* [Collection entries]
—————
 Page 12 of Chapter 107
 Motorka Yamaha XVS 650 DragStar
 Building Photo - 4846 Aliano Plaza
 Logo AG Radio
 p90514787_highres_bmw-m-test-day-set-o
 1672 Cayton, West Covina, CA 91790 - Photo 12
—————
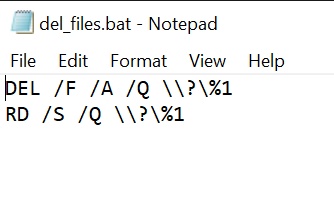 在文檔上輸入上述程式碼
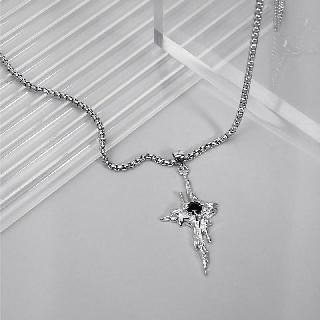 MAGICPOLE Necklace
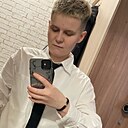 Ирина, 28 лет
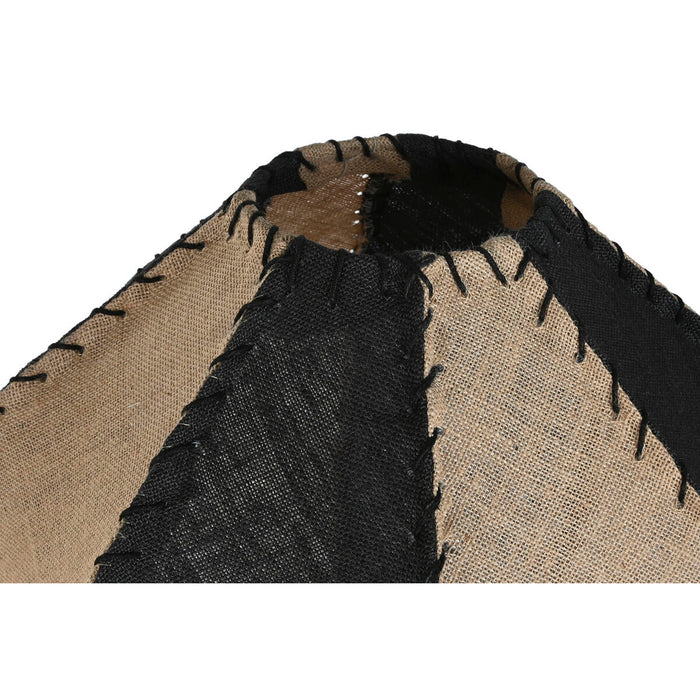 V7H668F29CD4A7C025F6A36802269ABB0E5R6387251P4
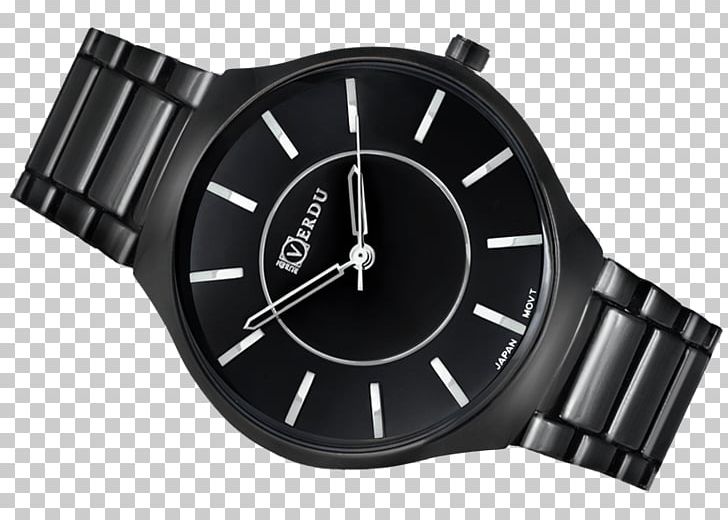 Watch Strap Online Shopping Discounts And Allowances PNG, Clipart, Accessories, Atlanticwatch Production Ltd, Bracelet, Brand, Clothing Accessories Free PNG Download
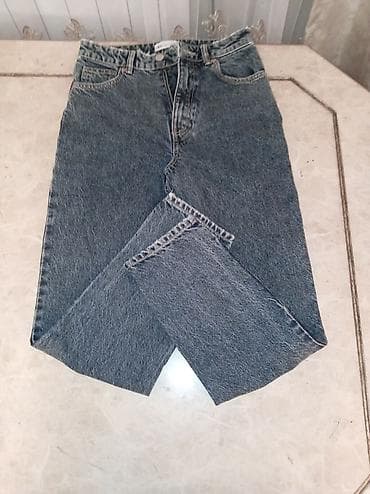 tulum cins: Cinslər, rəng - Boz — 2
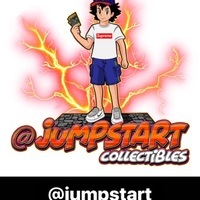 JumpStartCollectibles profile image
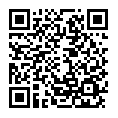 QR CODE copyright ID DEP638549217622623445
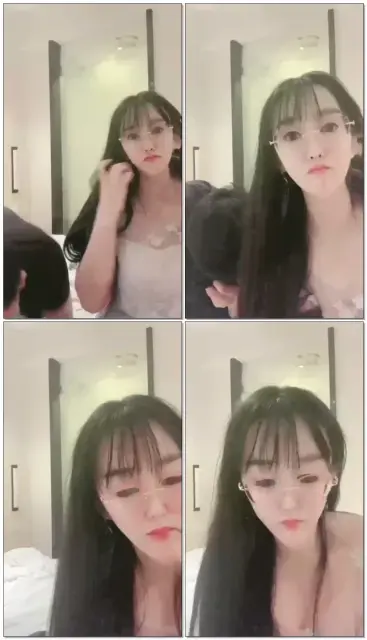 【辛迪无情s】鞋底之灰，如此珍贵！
—————
* [WORK TO BE COMPLETED]
What lines in the records contain the word "Photo"? Return each one.

* [WRITTEN RESPONSE]
 Building Photo - 4846 Aliano Plaza
 1672 Cayton, West Covina, CA 91790 - Photo 12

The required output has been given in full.